RIP experiments were conducted following the instructions of the Millipore Magna RIP RNA Binding Protein Immunoprecipitation Kit. We prepared T24 or UMUC3 cell lysates and incubated with 5 µg of the target protein antibody overnight at 4 °C. After treatment with proteinase K buffer, we extracted RNA and used qRT-PCR to detect RNA bound to the target protein.

Cycloheximide (CHX) experiment

T24 or UMUC3 cells were seeded in a six-well plate until reaching 60% confluence. We added 10 μg/ml cycloheximide at 0 h, 4 h, 8 h, and 12 h to inhibit protein synthesis, extracted cell proteins, and performed Western blot to detect the expression of the target protein.

Actinomycin d (ACTD) experiment

T24 or UMUC3 cells were seeded in a six-well plate until reaching 60% confluence. We added 5 μg/ml actinomycin d at 0 h, 4 h, 8 h, and 12 h to inhibit RNA synthesis, extracted total RNA from cells, and used qRT-PCR to detect the relative residual amount (%) of the target gene.

Animal modelsBladder orthotopic tumor model

We introduced cells with luciferase using lentivirus into the desired cell line for stable expression of the luciferase gene. A bladder orthotopic tumor model was constructed using 24 female nude mice aged 6–8 weeks. We administered continuous isoflurane anesthesia and applied artificial tears to protect the eyes. We sterilized the experimental platform, fixed the anesthetized nude mice on the platform with medical tape, and disinfected. A midline incision was made in the lower abdomen to expose the bladder. A syringe was used to draw 30 μl of pretreated 50% Matrigel mixed with 50% serum-free medium containing 1 × 106 T24 cells. We gently lifted the bladder wall with the syringe and slowly injected the cell suspension into the bladder wall. Successful injection was confirmed by a clear boundary between urine in the bladder and the cell suspension in the bladder wall. The abdomen was closed and the mouse was observed until it recovered from anesthesia. We injected 150 mg/kg d-luciferin into the abdominal cavity weekly and monitored tumor progression using an In Vivo Imaging System (IVIS). The mice were sacrificed after 8 weeks, the number and location of metastatic foci were recorded, and bladder orthotopic tumors were collected for further experiments.

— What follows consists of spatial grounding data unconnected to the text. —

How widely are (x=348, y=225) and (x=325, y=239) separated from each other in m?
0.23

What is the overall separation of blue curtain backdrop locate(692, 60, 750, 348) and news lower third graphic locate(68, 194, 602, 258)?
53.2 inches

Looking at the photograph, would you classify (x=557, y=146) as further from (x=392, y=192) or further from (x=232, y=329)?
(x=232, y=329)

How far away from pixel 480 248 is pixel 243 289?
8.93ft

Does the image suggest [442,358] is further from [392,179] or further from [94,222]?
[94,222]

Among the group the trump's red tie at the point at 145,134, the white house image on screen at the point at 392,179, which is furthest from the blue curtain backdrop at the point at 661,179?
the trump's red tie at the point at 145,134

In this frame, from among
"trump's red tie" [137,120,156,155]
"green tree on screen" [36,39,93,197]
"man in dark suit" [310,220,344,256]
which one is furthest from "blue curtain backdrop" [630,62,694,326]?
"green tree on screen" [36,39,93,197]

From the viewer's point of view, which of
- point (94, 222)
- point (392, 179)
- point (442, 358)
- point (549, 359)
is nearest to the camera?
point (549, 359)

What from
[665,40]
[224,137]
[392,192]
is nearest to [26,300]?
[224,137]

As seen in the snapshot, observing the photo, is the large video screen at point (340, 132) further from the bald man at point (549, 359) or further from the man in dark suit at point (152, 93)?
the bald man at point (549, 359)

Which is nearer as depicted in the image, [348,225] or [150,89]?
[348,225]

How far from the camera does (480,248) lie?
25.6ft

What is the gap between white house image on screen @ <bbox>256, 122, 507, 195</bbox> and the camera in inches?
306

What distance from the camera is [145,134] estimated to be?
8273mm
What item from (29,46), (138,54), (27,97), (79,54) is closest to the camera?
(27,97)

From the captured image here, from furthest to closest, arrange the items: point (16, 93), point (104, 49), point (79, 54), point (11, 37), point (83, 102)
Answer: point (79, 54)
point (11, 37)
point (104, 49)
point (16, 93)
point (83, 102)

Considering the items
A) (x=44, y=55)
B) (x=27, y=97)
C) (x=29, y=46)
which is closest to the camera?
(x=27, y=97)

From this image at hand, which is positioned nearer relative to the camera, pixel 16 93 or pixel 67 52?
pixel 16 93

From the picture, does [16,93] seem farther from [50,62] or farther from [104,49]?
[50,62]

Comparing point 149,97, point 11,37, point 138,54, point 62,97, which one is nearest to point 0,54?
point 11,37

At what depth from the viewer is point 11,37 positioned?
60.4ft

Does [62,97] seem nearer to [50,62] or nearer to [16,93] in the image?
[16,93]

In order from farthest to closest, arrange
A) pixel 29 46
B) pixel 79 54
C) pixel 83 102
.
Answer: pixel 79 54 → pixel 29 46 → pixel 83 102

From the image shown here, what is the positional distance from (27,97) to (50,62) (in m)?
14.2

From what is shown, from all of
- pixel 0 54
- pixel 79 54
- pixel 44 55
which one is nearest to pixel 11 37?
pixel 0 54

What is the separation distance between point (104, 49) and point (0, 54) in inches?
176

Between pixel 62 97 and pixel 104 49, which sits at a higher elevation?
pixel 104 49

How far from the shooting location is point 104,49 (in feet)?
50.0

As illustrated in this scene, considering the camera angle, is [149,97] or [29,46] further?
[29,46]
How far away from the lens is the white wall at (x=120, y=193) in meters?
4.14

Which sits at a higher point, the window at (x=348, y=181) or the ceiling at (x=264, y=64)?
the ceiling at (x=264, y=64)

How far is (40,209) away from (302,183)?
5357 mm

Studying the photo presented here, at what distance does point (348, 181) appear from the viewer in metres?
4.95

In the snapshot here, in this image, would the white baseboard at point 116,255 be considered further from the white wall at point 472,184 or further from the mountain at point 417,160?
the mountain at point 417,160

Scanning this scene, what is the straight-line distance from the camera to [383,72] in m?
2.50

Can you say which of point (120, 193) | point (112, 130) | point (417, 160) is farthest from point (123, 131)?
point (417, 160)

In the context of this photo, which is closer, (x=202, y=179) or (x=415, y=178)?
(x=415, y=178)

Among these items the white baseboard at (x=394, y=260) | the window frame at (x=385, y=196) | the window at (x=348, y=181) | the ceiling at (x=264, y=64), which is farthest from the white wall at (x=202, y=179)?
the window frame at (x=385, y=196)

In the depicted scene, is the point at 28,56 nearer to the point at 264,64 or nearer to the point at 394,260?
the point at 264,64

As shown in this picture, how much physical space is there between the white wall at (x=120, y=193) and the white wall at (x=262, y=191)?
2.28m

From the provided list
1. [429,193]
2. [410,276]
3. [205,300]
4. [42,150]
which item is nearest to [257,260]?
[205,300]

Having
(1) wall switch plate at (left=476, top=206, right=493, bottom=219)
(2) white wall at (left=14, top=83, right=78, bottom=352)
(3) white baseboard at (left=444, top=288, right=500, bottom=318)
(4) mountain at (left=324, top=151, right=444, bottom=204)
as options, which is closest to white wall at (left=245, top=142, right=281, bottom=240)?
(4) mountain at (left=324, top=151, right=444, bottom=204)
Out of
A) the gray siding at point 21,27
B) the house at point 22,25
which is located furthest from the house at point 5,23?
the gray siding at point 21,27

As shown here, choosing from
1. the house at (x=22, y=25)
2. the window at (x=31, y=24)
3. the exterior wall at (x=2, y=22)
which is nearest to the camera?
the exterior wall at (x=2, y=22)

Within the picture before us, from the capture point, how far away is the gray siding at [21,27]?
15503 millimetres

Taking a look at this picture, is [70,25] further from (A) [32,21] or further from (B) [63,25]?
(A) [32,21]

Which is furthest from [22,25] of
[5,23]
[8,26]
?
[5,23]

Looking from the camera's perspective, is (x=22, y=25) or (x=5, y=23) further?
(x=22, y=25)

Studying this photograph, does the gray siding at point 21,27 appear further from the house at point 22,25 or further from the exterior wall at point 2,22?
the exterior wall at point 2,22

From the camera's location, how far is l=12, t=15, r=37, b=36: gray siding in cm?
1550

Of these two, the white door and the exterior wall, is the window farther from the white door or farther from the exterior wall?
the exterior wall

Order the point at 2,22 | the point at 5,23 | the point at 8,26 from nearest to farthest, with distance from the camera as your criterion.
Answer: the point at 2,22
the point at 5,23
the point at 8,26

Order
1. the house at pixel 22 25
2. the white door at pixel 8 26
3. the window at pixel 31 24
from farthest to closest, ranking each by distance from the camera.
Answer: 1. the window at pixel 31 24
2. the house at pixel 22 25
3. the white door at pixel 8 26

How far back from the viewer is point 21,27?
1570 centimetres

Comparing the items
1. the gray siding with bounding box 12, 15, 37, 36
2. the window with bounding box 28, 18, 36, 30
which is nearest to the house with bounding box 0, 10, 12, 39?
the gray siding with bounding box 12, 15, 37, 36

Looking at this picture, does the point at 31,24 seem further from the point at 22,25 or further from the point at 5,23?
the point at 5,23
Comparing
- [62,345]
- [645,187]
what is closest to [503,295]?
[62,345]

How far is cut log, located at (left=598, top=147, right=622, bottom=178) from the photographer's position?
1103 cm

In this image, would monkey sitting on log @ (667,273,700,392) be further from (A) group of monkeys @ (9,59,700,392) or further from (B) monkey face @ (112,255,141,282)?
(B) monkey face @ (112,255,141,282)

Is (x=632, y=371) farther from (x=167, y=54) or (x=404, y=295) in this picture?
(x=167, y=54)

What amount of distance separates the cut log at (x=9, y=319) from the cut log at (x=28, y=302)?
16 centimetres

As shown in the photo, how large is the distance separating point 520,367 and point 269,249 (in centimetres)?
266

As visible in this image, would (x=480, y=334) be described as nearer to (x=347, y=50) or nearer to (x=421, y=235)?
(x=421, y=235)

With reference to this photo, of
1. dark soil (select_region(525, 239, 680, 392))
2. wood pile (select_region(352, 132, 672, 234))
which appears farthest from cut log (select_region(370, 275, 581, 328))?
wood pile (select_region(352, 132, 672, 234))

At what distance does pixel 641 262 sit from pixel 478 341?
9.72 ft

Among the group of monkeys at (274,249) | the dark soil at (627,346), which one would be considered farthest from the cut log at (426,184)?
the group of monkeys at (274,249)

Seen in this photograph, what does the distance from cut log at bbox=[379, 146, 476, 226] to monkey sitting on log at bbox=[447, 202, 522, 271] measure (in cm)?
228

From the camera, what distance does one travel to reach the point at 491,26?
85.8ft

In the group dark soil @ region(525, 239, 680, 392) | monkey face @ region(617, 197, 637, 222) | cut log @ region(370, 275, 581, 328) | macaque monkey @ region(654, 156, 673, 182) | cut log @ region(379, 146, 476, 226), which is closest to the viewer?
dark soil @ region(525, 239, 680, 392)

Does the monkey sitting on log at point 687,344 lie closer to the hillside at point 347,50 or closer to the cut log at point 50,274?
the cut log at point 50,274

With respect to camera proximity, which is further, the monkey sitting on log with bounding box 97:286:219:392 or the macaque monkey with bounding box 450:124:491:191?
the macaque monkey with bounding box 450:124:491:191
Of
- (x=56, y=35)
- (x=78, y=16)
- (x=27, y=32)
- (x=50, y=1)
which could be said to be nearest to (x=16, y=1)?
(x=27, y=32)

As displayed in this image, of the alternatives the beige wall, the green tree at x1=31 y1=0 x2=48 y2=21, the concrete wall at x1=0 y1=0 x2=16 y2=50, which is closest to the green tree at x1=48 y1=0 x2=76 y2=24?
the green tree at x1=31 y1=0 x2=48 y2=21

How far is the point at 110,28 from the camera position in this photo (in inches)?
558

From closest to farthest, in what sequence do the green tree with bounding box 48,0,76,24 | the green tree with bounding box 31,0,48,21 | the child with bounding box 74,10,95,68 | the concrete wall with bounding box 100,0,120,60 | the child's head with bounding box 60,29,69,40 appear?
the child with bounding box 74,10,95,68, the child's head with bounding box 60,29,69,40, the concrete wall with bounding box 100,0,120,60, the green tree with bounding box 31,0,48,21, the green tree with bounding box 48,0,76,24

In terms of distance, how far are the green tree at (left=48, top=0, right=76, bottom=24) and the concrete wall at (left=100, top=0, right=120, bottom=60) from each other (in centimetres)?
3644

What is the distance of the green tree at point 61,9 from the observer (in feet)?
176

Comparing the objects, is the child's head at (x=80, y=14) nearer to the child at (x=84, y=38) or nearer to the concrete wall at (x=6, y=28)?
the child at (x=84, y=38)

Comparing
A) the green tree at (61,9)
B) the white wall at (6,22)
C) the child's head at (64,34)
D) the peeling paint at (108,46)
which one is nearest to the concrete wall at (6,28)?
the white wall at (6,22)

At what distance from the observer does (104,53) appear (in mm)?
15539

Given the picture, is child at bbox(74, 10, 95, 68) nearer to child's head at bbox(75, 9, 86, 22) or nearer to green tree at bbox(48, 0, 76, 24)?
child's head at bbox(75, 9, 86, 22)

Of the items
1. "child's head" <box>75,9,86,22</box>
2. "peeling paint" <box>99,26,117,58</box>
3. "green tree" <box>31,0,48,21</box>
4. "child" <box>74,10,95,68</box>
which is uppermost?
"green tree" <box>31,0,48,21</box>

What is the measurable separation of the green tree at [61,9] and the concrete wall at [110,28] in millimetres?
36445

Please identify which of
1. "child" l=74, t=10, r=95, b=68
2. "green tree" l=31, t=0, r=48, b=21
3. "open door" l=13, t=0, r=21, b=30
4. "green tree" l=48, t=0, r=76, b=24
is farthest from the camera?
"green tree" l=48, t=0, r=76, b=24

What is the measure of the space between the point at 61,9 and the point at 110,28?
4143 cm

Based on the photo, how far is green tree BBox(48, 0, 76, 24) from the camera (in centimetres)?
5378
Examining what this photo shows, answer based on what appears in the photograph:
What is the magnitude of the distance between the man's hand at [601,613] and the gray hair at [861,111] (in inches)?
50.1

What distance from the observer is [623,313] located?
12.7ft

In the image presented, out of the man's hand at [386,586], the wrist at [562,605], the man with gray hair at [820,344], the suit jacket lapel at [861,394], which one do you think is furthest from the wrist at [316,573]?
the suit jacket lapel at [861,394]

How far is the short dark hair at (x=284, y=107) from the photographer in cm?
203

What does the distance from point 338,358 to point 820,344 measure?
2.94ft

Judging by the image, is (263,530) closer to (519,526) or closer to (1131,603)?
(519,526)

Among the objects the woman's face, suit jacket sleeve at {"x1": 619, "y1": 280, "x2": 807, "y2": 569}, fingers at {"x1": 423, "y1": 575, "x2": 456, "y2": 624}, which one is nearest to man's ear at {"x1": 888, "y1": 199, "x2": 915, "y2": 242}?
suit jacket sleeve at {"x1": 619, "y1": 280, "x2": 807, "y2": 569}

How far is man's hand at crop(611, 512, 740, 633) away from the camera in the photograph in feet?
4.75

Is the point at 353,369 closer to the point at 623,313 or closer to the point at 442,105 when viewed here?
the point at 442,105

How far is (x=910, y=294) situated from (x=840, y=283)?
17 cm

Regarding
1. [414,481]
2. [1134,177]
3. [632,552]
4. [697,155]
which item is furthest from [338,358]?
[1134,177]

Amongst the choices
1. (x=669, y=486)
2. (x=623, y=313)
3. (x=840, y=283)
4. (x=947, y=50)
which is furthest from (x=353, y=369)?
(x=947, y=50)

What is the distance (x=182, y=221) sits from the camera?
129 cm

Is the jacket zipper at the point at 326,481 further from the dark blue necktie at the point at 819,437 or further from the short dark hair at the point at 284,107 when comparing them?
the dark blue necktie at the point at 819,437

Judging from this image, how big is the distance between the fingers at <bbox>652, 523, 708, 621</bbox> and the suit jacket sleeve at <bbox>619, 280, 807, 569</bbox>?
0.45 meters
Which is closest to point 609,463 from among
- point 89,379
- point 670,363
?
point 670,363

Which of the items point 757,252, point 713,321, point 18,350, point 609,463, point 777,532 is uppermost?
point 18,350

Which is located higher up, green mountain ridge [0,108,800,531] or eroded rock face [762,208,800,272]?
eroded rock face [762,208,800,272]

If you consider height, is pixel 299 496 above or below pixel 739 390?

Tail vein lung metastasis model

We introduced cells with luciferase using lentivirus into the desired cell line for stable expression of the luciferase gene. A tail vein lung metastasis model was established using 24 female nude mice aged 6–8 weeks. We used a mouse restrainer to immobilize the nude mice, disinfected the tail with alcohol, and used a syringe to inject 1 × 106 cells/200 μl cell suspension prepared in PBS into the tail vein. We injected 150 mg/kg d-luciferin into the abdominal cavity weekly and monitored lung metastasis using an In Vivo Imaging System (IVIS). The mice were sacrificed after 8 weeks, and we recorded the number of tumors and collected lung tissues for further experiments.

Statistical methods

GraphPad Prism 8 and SPSS 26.0 were used for statistical analysis, and experiments were repeated at least three times. Count data were analyzed using the chi-square test or Fisher’s exact probability method. Measurement data are presented as mean ± standard deviation (x ± s). Independent-sample t-test was used for comparing differences between two groups, and one-way analysis of variance (ANOVA) was used for comparing differences among three groups or more. Survival data were analyzed using the log-rank test and Kaplan–Meier survival analysis. A two-tailed P-value < 0.05 indicated a statistically significant difference.